- What is needed:
Further down are entries; set down exactly and only the lines from the one with "Now I can manipulate" up to and including the one with "Welcome to Tech", dropping each picture.

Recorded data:
- Opening Delimiter -

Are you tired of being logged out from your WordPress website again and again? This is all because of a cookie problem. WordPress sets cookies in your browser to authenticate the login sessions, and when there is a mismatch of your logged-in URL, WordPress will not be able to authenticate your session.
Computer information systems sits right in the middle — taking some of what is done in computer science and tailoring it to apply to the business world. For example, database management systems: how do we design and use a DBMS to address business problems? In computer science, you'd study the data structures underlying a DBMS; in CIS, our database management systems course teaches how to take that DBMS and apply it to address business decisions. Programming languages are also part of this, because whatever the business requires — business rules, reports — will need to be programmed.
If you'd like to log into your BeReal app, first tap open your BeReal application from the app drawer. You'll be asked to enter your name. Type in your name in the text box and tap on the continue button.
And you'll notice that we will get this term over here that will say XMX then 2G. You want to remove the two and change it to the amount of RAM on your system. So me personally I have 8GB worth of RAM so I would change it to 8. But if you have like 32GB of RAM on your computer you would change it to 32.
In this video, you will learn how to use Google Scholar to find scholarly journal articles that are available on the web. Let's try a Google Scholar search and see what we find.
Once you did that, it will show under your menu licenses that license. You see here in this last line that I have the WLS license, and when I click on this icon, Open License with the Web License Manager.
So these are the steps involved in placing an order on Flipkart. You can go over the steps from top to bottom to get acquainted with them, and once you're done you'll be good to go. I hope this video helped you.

- Closing Delimiter -
- Opening Delimiter -

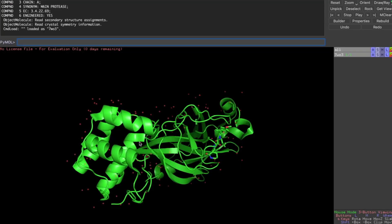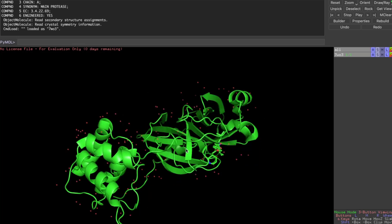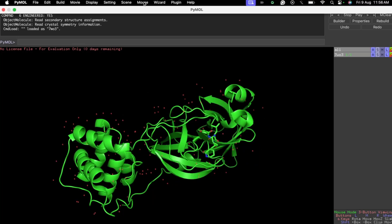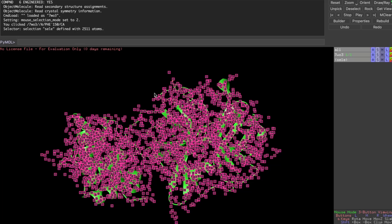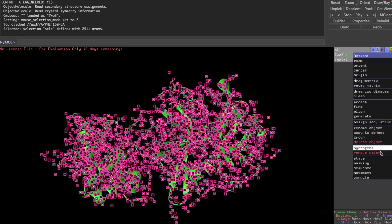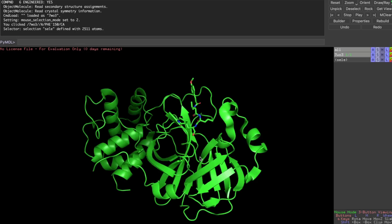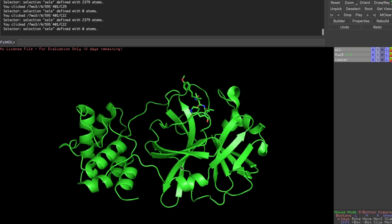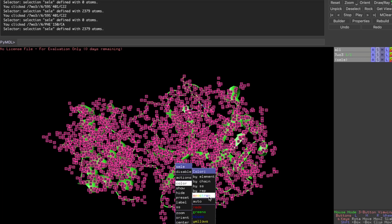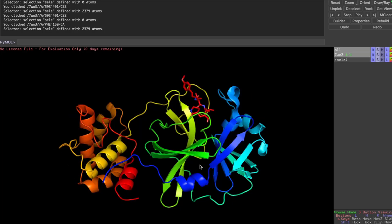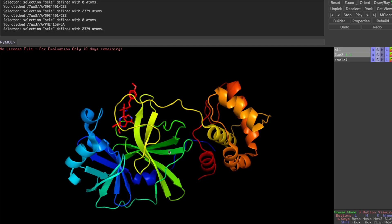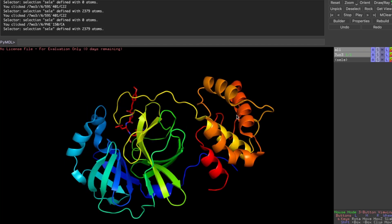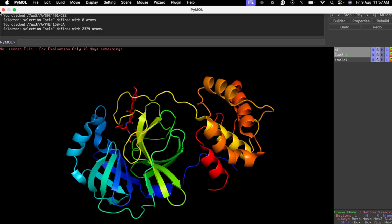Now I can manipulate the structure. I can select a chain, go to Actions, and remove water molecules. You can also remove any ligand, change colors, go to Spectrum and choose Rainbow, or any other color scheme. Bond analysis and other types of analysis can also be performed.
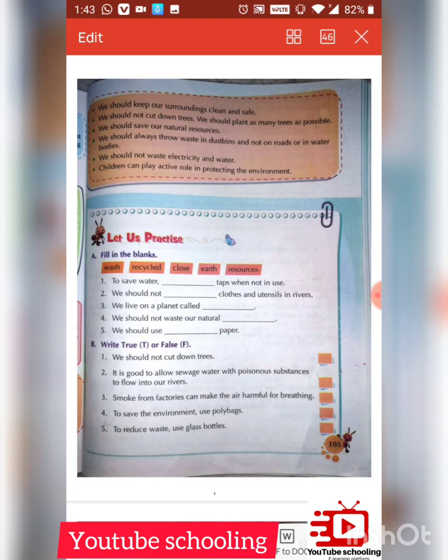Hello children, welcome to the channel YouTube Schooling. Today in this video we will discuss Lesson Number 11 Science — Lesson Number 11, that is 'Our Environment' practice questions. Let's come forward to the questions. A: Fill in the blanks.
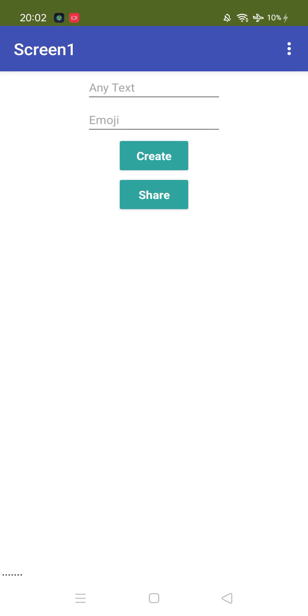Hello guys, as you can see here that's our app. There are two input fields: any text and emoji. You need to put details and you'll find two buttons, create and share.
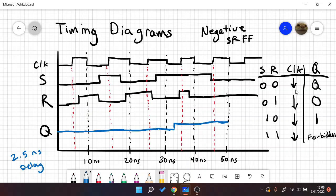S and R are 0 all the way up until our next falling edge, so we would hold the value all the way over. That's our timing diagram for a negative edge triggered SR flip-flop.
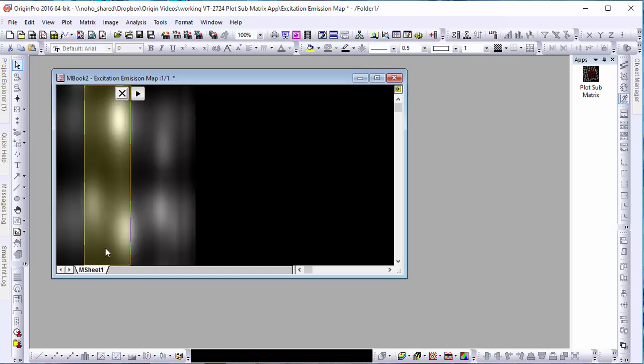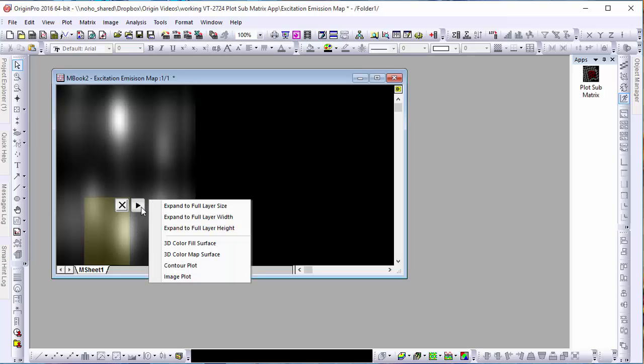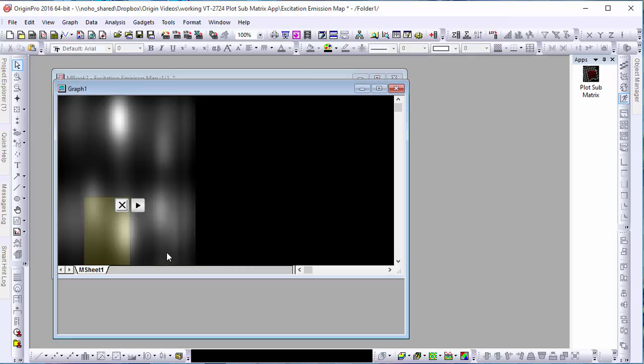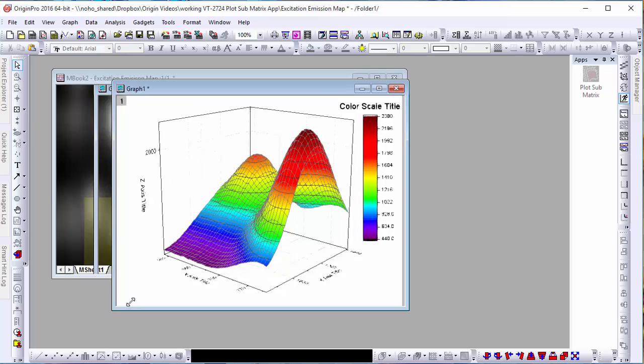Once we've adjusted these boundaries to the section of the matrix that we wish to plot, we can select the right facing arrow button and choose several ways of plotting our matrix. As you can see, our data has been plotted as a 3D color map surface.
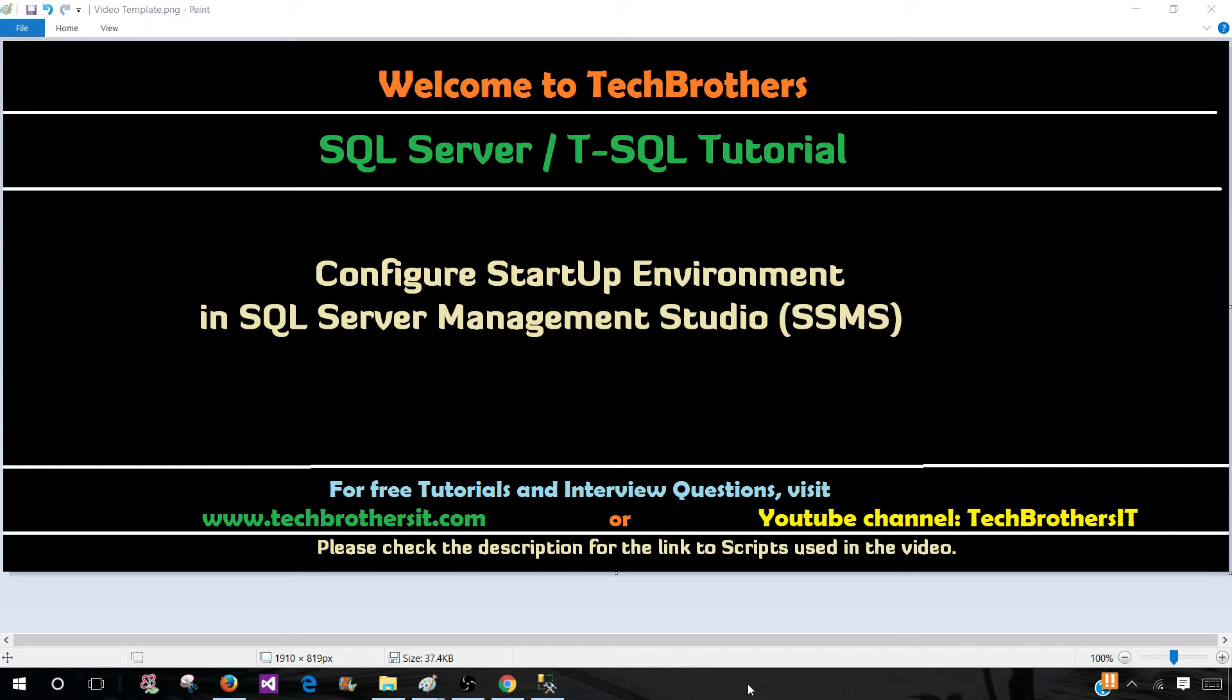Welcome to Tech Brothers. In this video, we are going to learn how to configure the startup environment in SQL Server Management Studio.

- Closing Delimiter -

- Result:
Now I can manipulate the structure. I can select a chain, go to Actions, and remove water molecules. You can also remove any ligand, change colors, go to Spectrum and choose Rainbow, or any other color scheme. Bond analysis and other types of analysis can also be performed.
Hello children, welcome to the channel YouTube Schooling. Today in this video we will discuss Lesson Number 11 Science — Lesson Number 11, that is 'Our Environment' practice questions. Let's come forward to the questions. A: Fill in the blanks.
Hello guys, as you can see here that's our app. There are two input fields: any text and emoji. You need to put details and you'll find two buttons, create and share.
S and R are 0 all the way up until our next falling edge, so we would hold the value all the way over. That's our timing diagram for a negative edge triggered SR flip-flop.
Once we've adjusted these boundaries to the section of the matrix that we wish to plot, we can select the right facing arrow button and choose several ways of plotting our matrix. As you can see, our data has been plotted as a 3D color map surface.
Welcome to Tech Brothers. In this video, we are going to learn how to configure the startup environment in SQL Server Management Studio.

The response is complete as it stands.